After 100000 trials with 1 evil passengers: Passenger 0 seated properly 1.00% of time Passenger 1 seated properly 99.03% of time Passenger 2 seated properly 99.00% of time Passenger 3 seated properly 99.00% of time Passenger 4 seated properly 99.01% of time Passenger 5 seated properly 98.93% of time Passenger 6 seated properly 98.97% of time Passenger 7 seated properly 98.95% of time Passenger 8 seated properly 98.92% of time Passenger 9 seated properly 98.98% of time Passenger 10 seated properly 98.87% of time ..... Passenger 90 seated properly 90.86% of time Passenger 91 seated properly 90.03% of time Passenger 92 seated properly 88.83% of time Passenger 93 seated properly 87.42% of time Passenger 94 seated properly 85.39% of time Passenger 95 seated properly 83.11% of time Passenger 96 seated properly 79.98% of time Passenger 97 seated properly 74.74% of time Passenger 98 seated properly 66.45% of time Passenger 99 seated properly 49.95% of time Average of 5.19 wrongfully seated passengers

So I ran this code really just to confirm that my guess of 50% would be correct. However, I saw something which kind of jogged my memory.
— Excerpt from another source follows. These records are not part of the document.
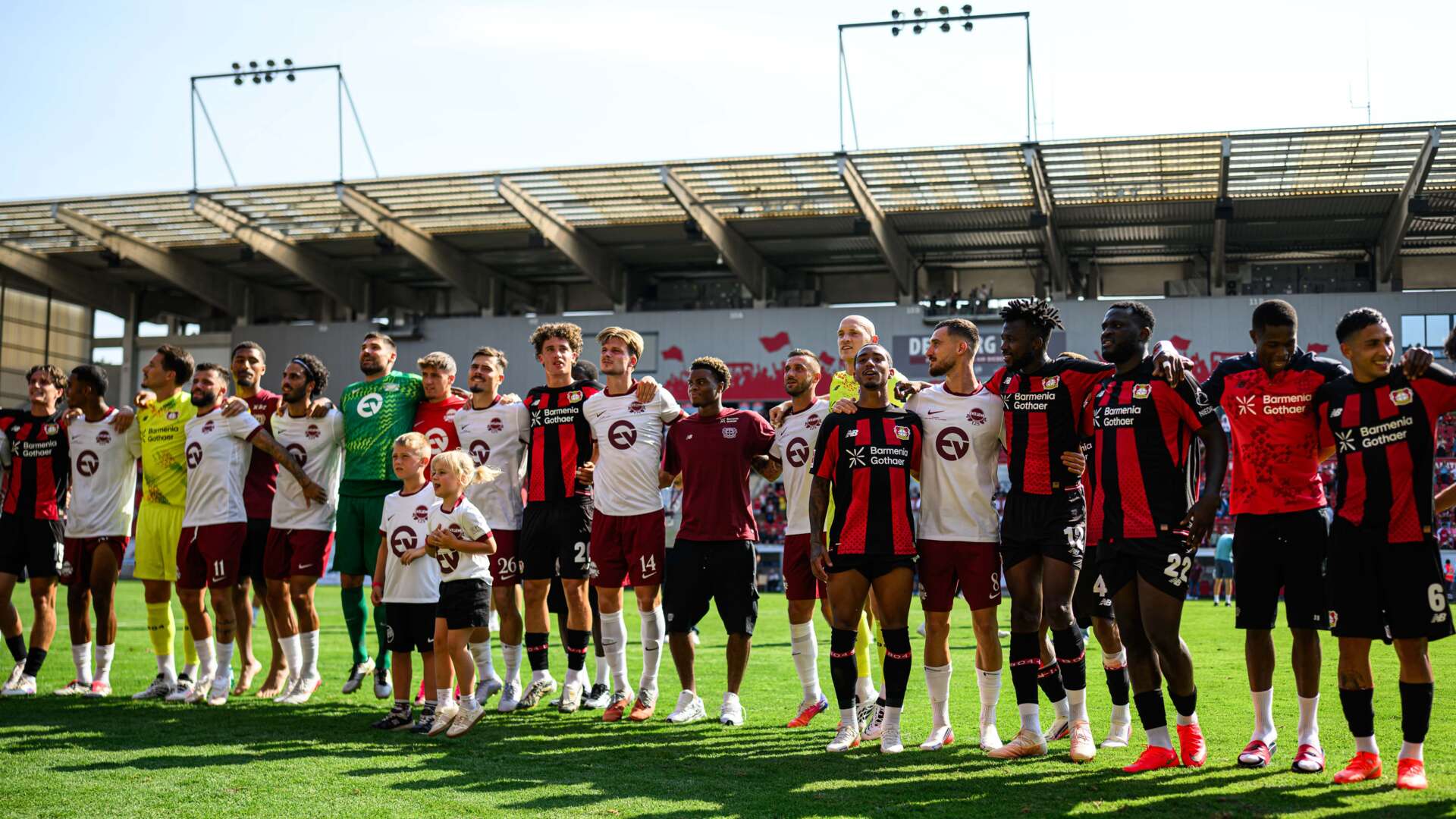 Spieler und Fans von Bayer 04 und Kickers Offenbach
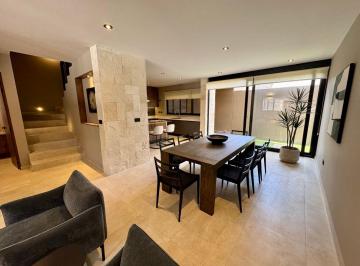 Casa de 3 habitaciones, El Marqués · Casa Amueblada en Renta - Villa Carriedo Residencial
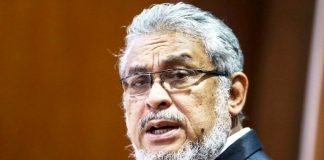 Khalid Samad: Crossovers Cost PH, Not Dr Mahathir’s Resignation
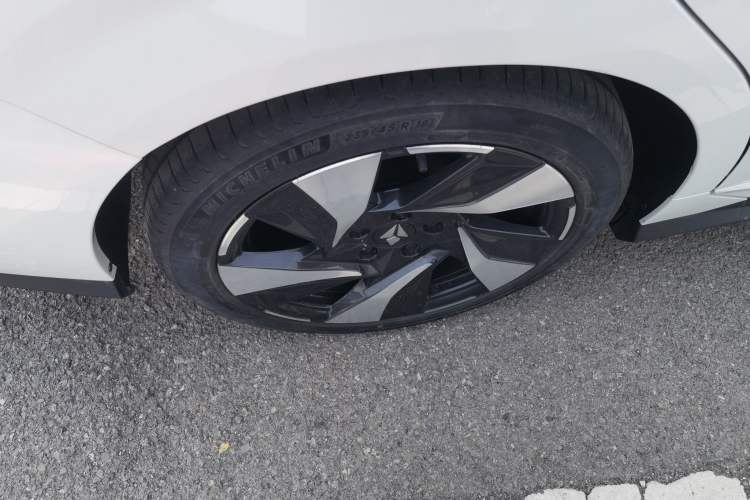 Used Lingxi L 2024 Player No. 1 Edition
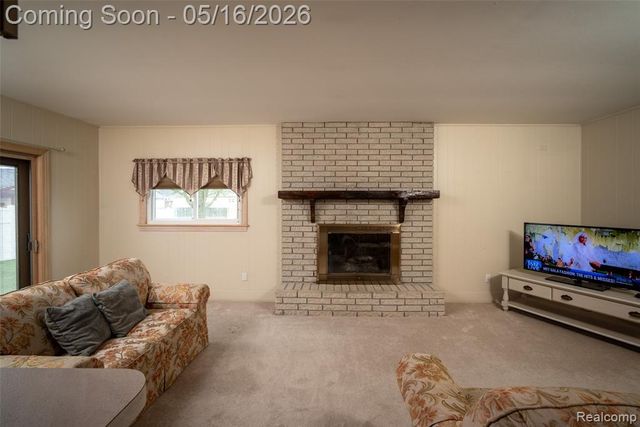 27188 Weddel Avenue, Brownstown, MI 48183
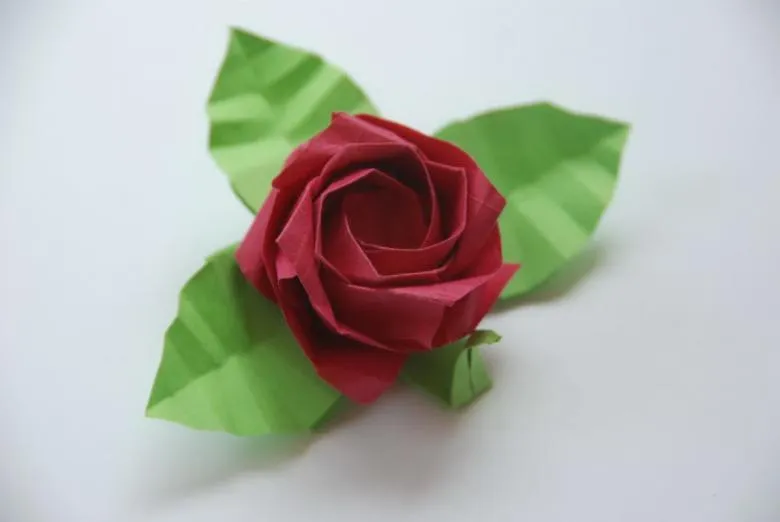 троянда з паперу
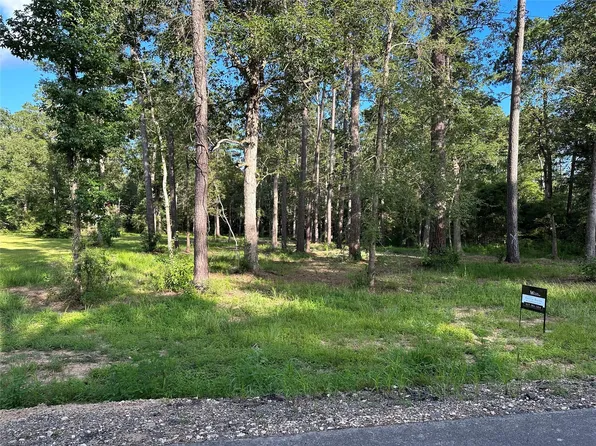 1475 Lakewood Dr, Woodville, TX 75979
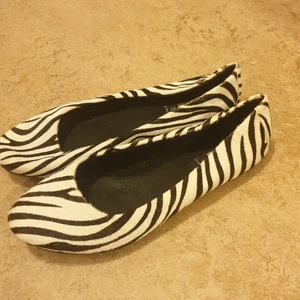 Shoe female  - Zebra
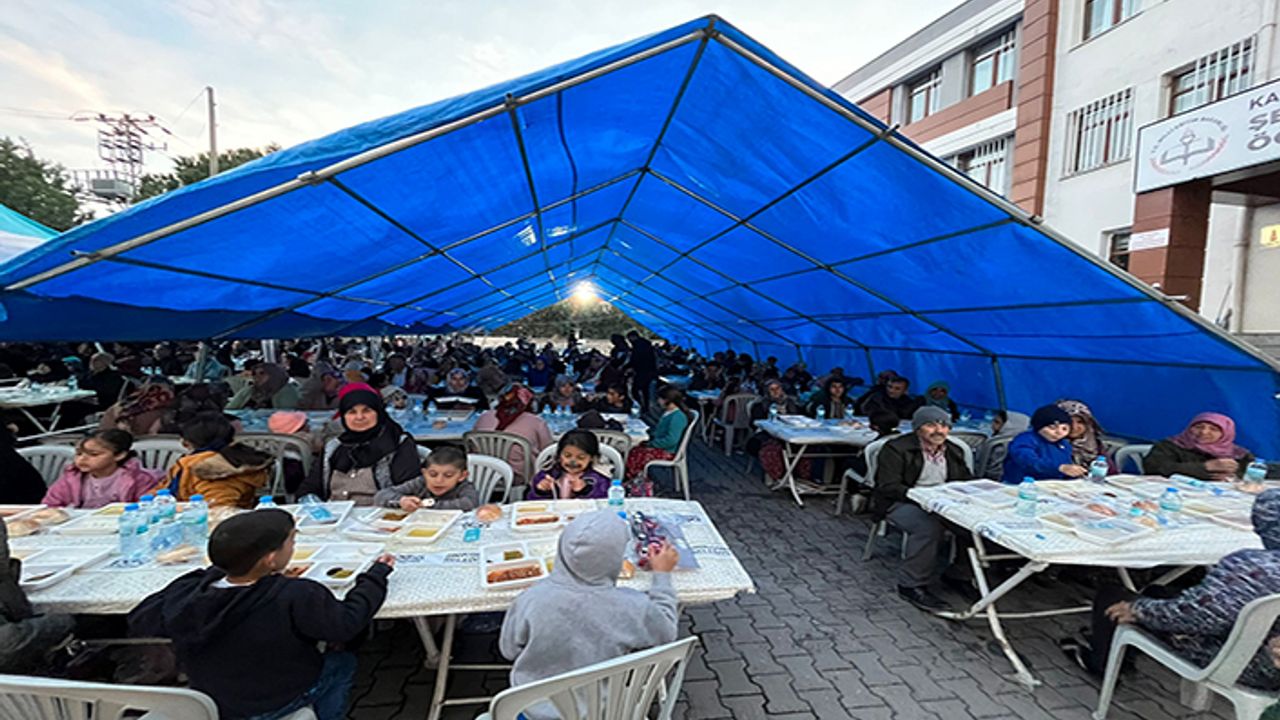 Onikişubat Belediyesi, gönül sofrasını Dönüklü Mahallesi’nde kurdu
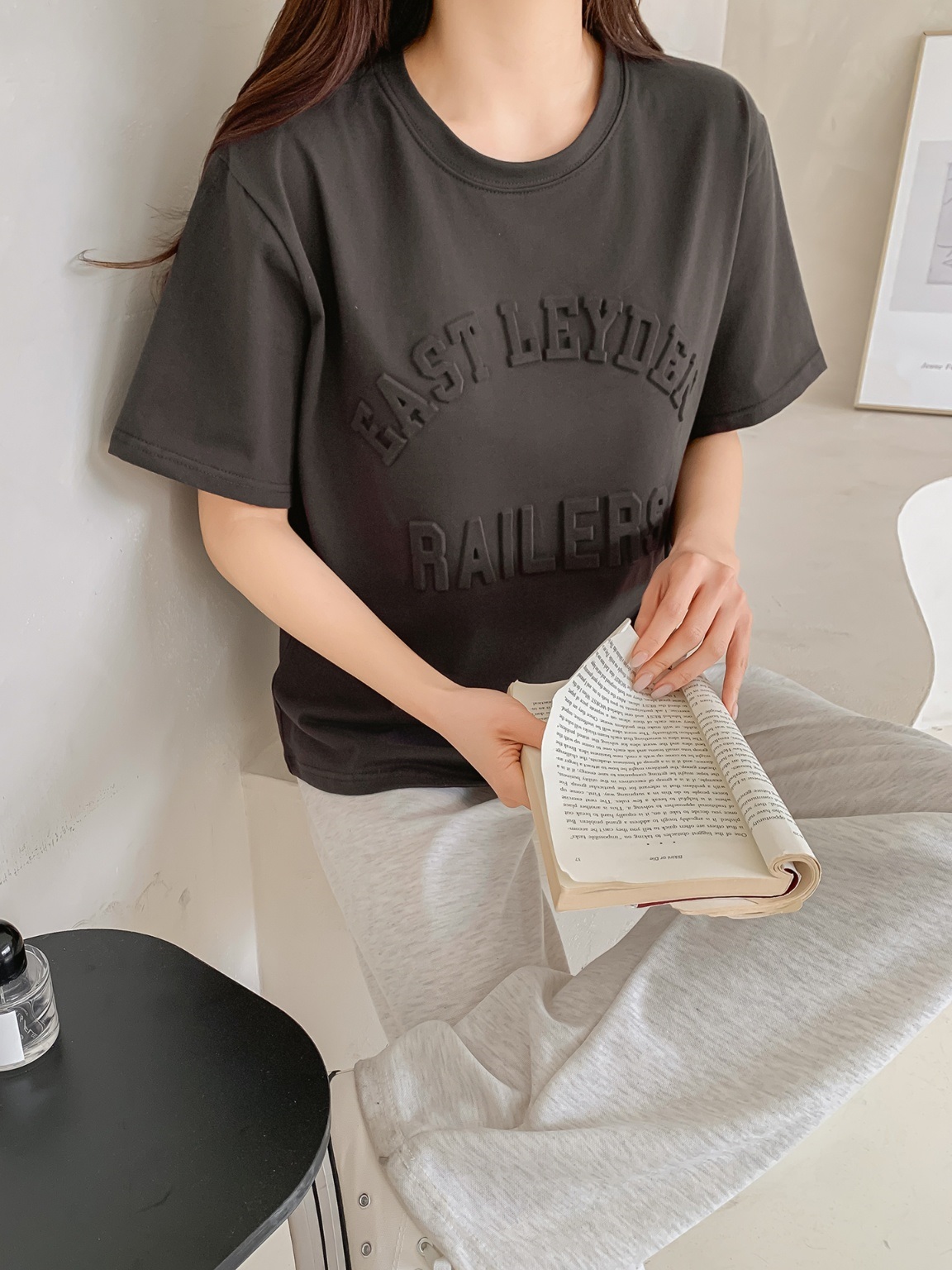 エンボスロゴ半袖Tシャツ | 詳細画像15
The average number of wrongfully seated passengers out of 100 was 5.19. This was the average number of traffic jams with 100 cars from two weeks ago! (The exclamation point at the end of the last sentence might be the nerdiest exclamation point ever.) It turns out that the number of wrongfully seated passengers follows a Harmonic Series.

What this means is that the odds of anyone getting a wrong seat follows this pattern, starting from the last passenger to board: 1/2 + 1/3 + 1/4 + … You can see from the output that the chances of each passenger not getting their seat is indeed following that pattern, with a little Monte Carlo variance thrown in.

“But wait,” you say, probably not, but let’s pretend you do, “a Harmonic Series starts with one and you don’t have a one in there.” Oh but I do. But it comes at the end. Remember that in our simulation, Worst Person Alive boards first and therefore has a 99/100 chance of sitting in the wrong seat. The next person to board, let’s call him Rando Paul, has a 1/100 chance of finding WPA in his seat. 99/100 + 1/100 = 1. The next person then has a 1/99 chance and on down to 1/2 for the last passenger. So the average number of wrongly seated passengers for N passengers with the Worst Person Alive seating first boils down to 1 + 1/2 + 1/3 + … + 1 / (N – 1).

Traffic jams and airline travel: unexpected sources of harmony. Thanks for reading!